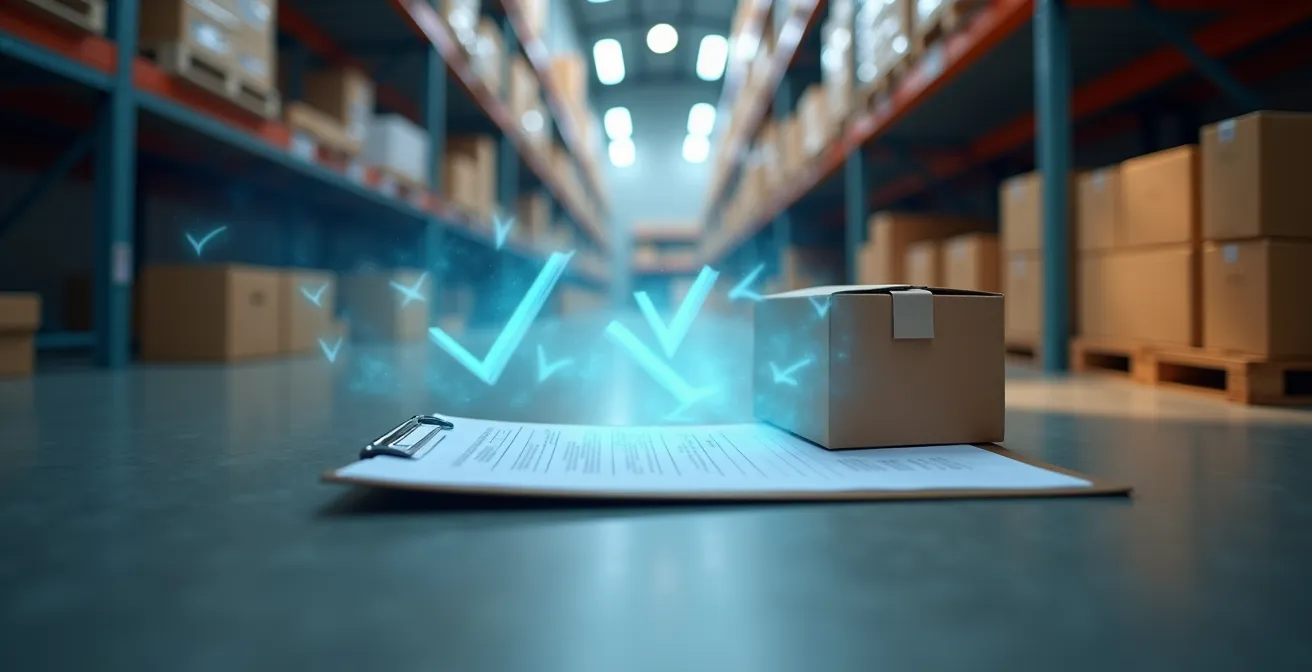 Representación visual del concepto de stock fantasma con cajas semitransparentes y efectos de desvanecimiento en un almacén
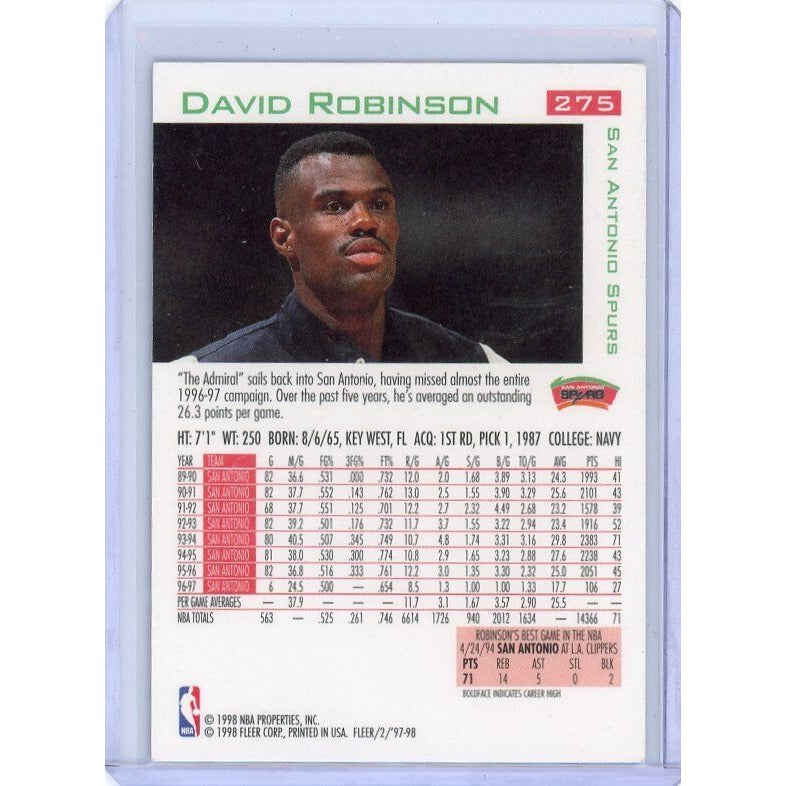 1997-98 San Antonio Spurs David Robinson Fleer #275 David Robinson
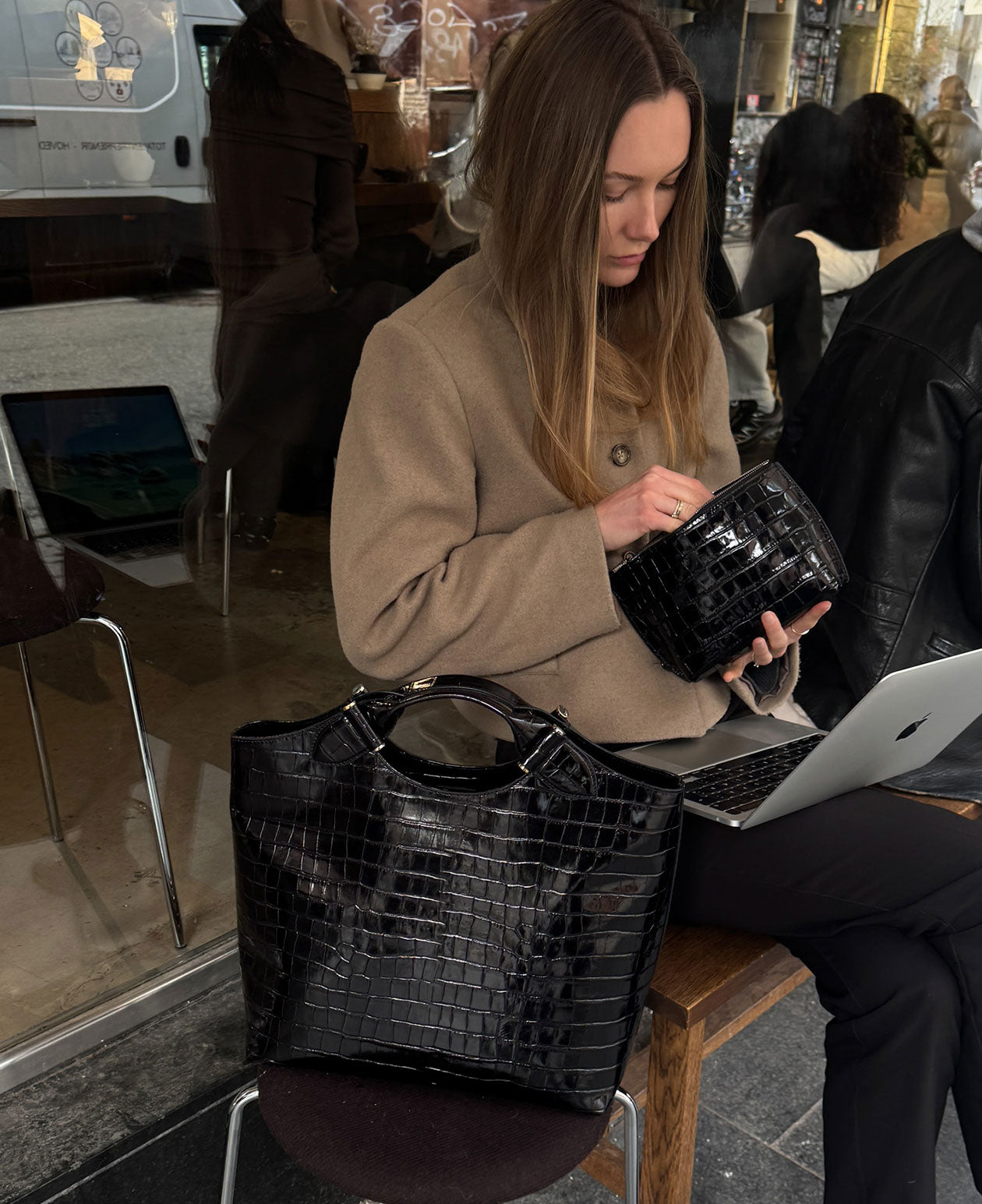 STELLA big tote - Croco Black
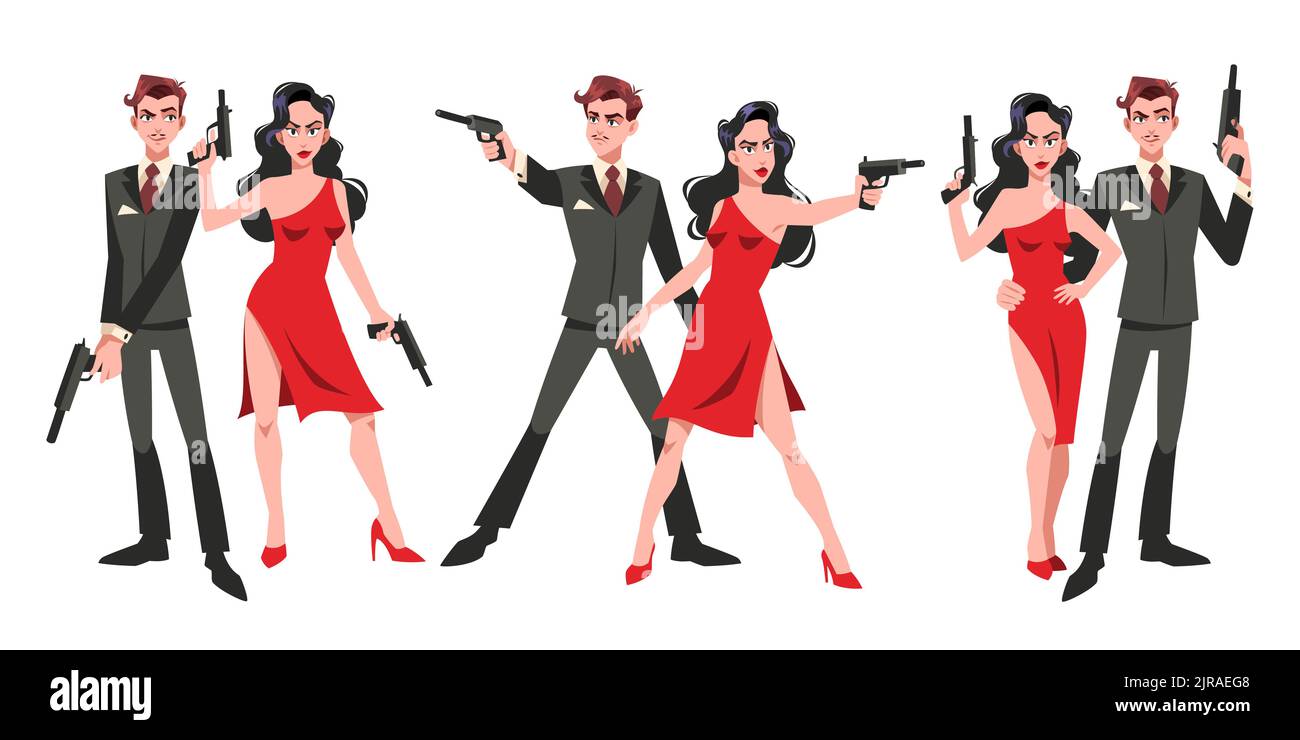 Secret super agents couple. Cartoon man and women spy characters with weapons, different poses, red dress and formal suit, gentleman and lady criminal Stock Vector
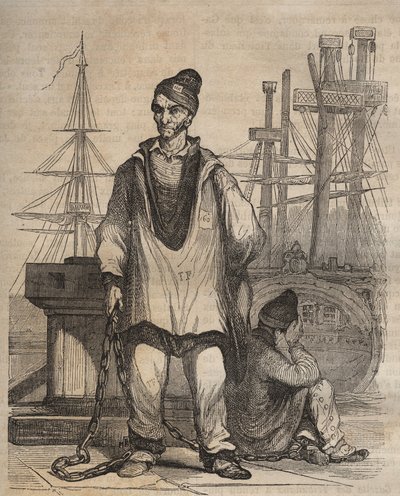 Overbevisninger til evighed ved Rochefort Bagne i det 19. århundrede. Indgravering i "Historien om fængslerne fra deres skabelse til i dag"" (1877) af Pierre Zaccone (1817-1895) (Colonia Penale - Straffekoloni) af Anonymous Anonymous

**AIM OF THE TASK:**
Images are to be omitted; repeat the remaining data above exactly.

**THE COMPLETED TASK:**
 Representación visual del concepto de stock fantasma con cajas semitransparentes y efectos de desvanecimiento en un almacén
 1997-98 San Antonio Spurs David Robinson Fleer #275 David Robinson
 STELLA big tote - Croco Black
 Secret super agents couple. Cartoon man and women spy characters with weapons, different poses, red dress and formal suit, gentleman and lady criminal Stock Vector
 Overbevisninger til evighed ved Rochefort Bagne i det 19. århundrede. Indgravering i "Historien om fængslerne fra deres skabelse til i dag"" (1877) af Pierre Zaccone (1817-1895) (Colonia Penale - Straffekoloni) af Anonymous Anonymous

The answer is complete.